This ability to manipulate symbols in your mind is crucial to successful programming, and Thompson describes it well:

I can visualize the structure of programs and how things are efficient or inefficient based on those op codes, by seeing the bottom and imagining the hierarchy. And I can see the same thing with programs. If someone shows me library routines or basic bottom-level things, I can see how you can build that into different programs and what's missing -- the kinds of programs that would still be hard to write.

This ability to conceptualize a synthesis of various component parts into an integrated whole is the essence of what many people call "systems thinking" or "system design", or "software architecture". It's an extremely impressive skill when you see it done well.

Later in the interview Thompson tells a story that I, at least, had not heard before, about the very early design of Unix, and how he wasn't even intending to write an operating system:

A group of us sat down and talked about a file system.
...
So I went off and implemented this file system, strictly on a PDP-7. At some point I decided that I had to test it. So I wrote some load-generating stuff. But I was having trouble writing programs to drive the file system. You want something interactive.

Seibel: And you just wanted to play around with writing a file system? At that point you weren't planning to write an OS?

Thompson: No, it was just a file system.

Seibel: So you basically wrote an OS so you'd have a better environment to test your file system.

Thompson: Yes. Halfway through there that I realized it was a real time-sharing system.
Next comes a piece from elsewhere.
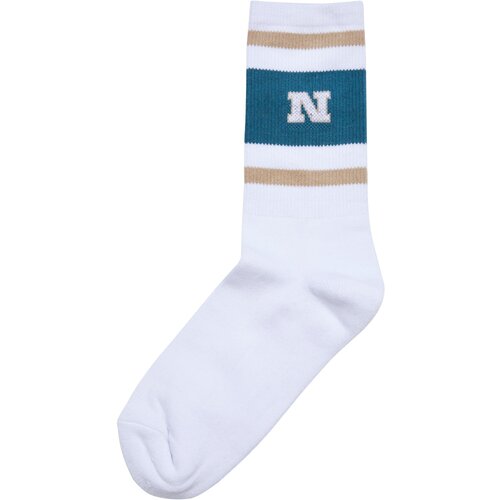 Urban Classics Accessoires College Team Socks unionbeige/bottlegreen/white Slike
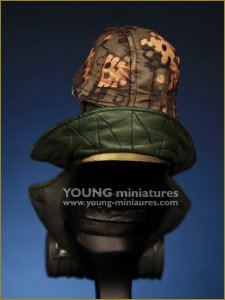 画像4: Young Miniatures[YM1889]1/10 WWII 独 ドイツ陸軍野戦憲兵胸像 (4)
I'm not really sure if I believe this story, but it was entertaining to read it.

Thompson describes his philosophy of identifying talented programmers:

It's just enthusiasm. You ask them what's the most interesting program they worked on. And then you get them to describe it and its algorithms and what's going on. If they can't withstand my questioning on their program, then they're not good. If I can attack them or find problems with their algorithms and their solutions and they can't defend it, being much more personally involved than I am, then no.
...
That's how I interview. I've been told that it's devastating to be on the receiving side of that.

I bet it is devastating!

I've been on both sides of such interviews. It's exhausting, although strangely enjoyable, to be on the receiving end of such questioning; it's exhausting, and often emotionally draining, to be the questioner. But it does seem to be a technique that works. Programming-in-the-large is all about finding groups of capable people who can communicate effectively about extraordinarily abstract topics, and I don't know any better way to do this than the one that Thompson describes.

It seems like Thompson has been drifting of late. He describes his work at Google:

Probably my job description -- whether I follow it or not, that's a different question -- would be just to find something to make life better. Or have some new idea of new stuff that replaces old stuff. Try to make it better. Whatever it is that's wrong, that takes time, that causes bugs.

In his defense, it can't be easy to join an organization such as Google and figure out how to effectively contribute.

A very interesting part of the Thompson interview comes near the end, when Seibel gets Thompson to talk about C++. After getting Thompson to describe the delicate working relationship he had with Stroustrup, Seibel gets Thompson to open up about the language itself:

It certainly has its good points. But by and large I think it's a bad language. It does a lot of things half well and it's just a garbage heap of ideas that are mutually exclusive. Everybody I know, whether it's personal or corporate, selects a subset and these subsets are different. So it's not a good language to transport an algorithm -- to say, "I wrote it; here, take it." It's way too big, way too complex. And it's obviously built by committee.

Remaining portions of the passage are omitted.